Lack of money is the major cause of the province's universities lying near the bottom of the technology heap, according to a review done last semester.|
The information technology (IT) review is a response to the MacKay Report, which looked at the status of Saskatchewan universities in the fall of 1996. The three-member IT review team spent two days at each of the universities in November and concluded that a defined plan, as well as millions of dollars, is needed.
The team's report places the University of Regina in the bottom quartile of institutions in regard to technology, placing the blame on the pressure caused by cutbacks. The U of R's Vice-president Administration, David Barnard, who heads the committee which commissioned the report, says the campus is aware of the work that needs to be done.
"I suspect that there is already an agreement on campus that we're not doing as well as we could or should be in this area (IT)," he says.
At both universities, IT committees are going to hear views from concerned faculties, staff, and students. At the U of R, the report has been posted on the Internet (http://www.uregina.ca/presoff/
it) and everyone at the U of R is invited to e-mail or phone with their comments on how the university should pursue technology.
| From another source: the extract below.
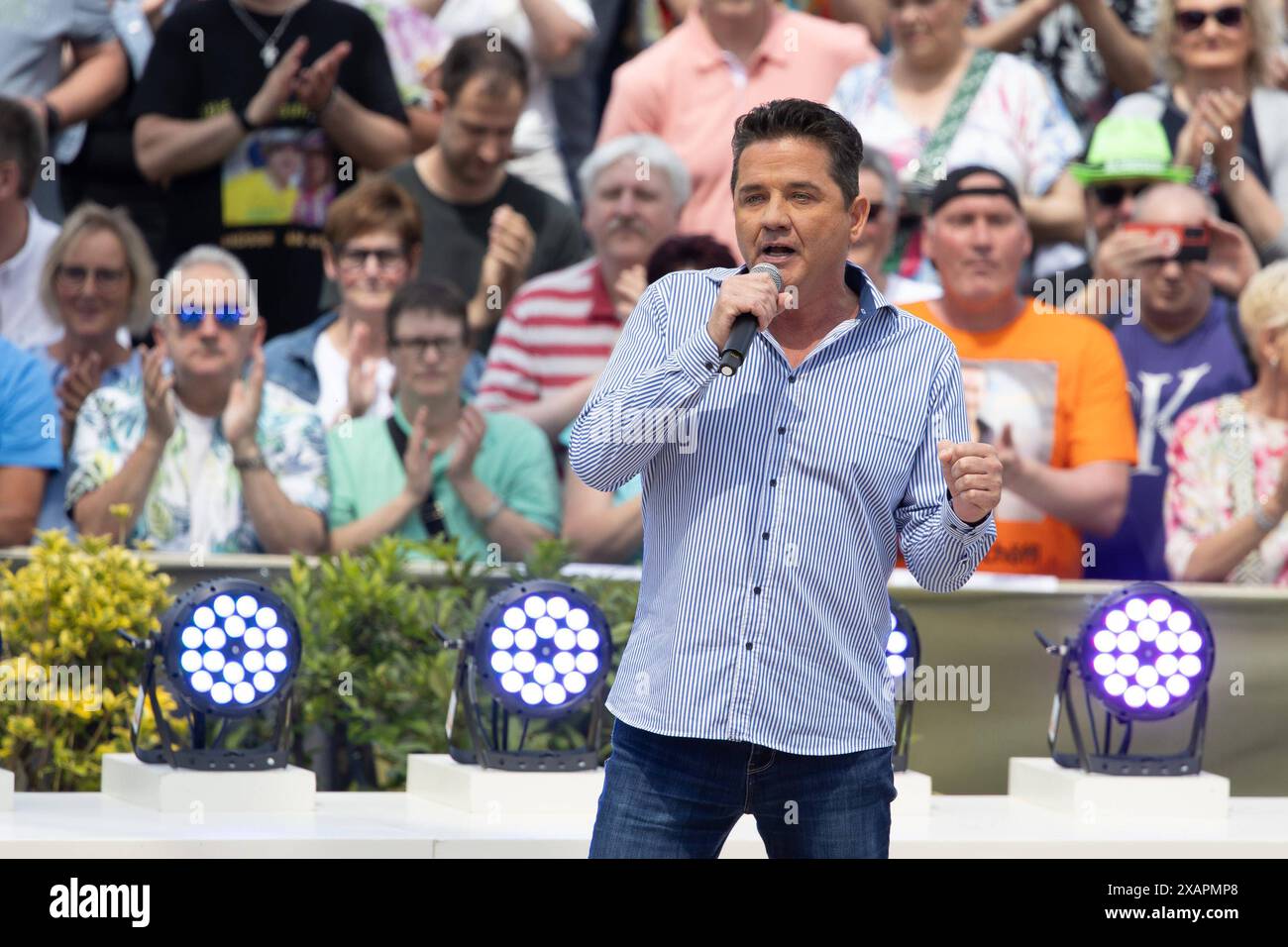 Mainz Schlagersaenger Michael Morgan beim ZDF-Fernsehgarten am 26.05. ...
Chris Nicol, an economics professor who has been heavily involved with IT at the U of R, says everyone should give their input, because the next few months
| are when a plan for the university's direction vis-a-vis IT will be developed.|
"The university, in my view, doesn't have a clear idea of where it wants to go. It's really important that people tell the university where they want to go."
He compares technology to electricity and water: a necessary resource for the work that needs to be done at universities.
"Information technology is getting to be like electricity," he says. "If you want to be able to do the work, you have got to have the resources."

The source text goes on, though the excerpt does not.